• **SUPPLIED INFORMATION**:

=-=-=

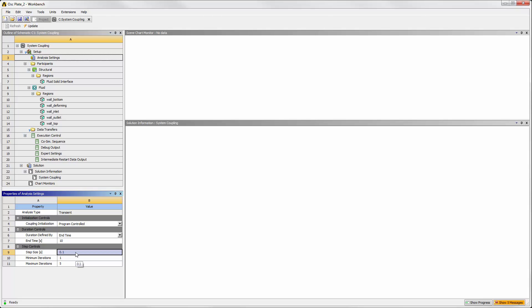The coupling iterations occur within each coupling step. We will leave this default value of 5, which will allow for both of the data transfers and both the structural and fluid solutions to reach convergence within each coupling step.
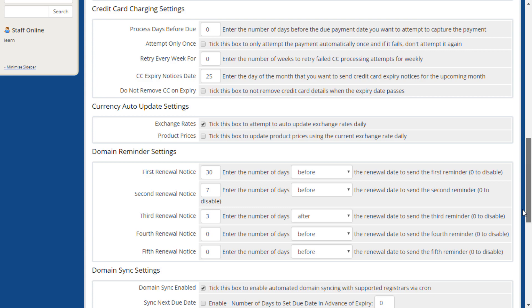In currency auto-update settings, you can enable or disable automatic exchange rate updates and choose whether to automatically update product prices to reflect the current exchange rate.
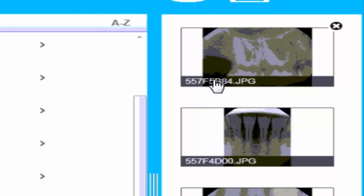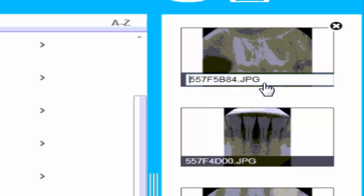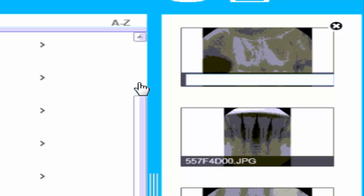It's always going to give you just a generic number and a .JPEG extension, so feel free to change the names of these images just by clicking on it, deleting this, and changing it to a tooth number or patient name, or whatever you want to change it to.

=-=-=

• **WHAT TO DO**: Without including any pictures, copy every line above exactly.

• **SOLUTION TO THIS TASK**:
The coupling iterations occur within each coupling step. We will leave this default value of 5, which will allow for both of the data transfers and both the structural and fluid solutions to reach convergence within each coupling step.
In currency auto-update settings, you can enable or disable automatic exchange rate updates and choose whether to automatically update product prices to reflect the current exchange rate.
It's always going to give you just a generic number and a .JPEG extension, so feel free to change the names of these images just by clicking on it, deleting this, and changing it to a tooth number or patient name, or whatever you want to change it to.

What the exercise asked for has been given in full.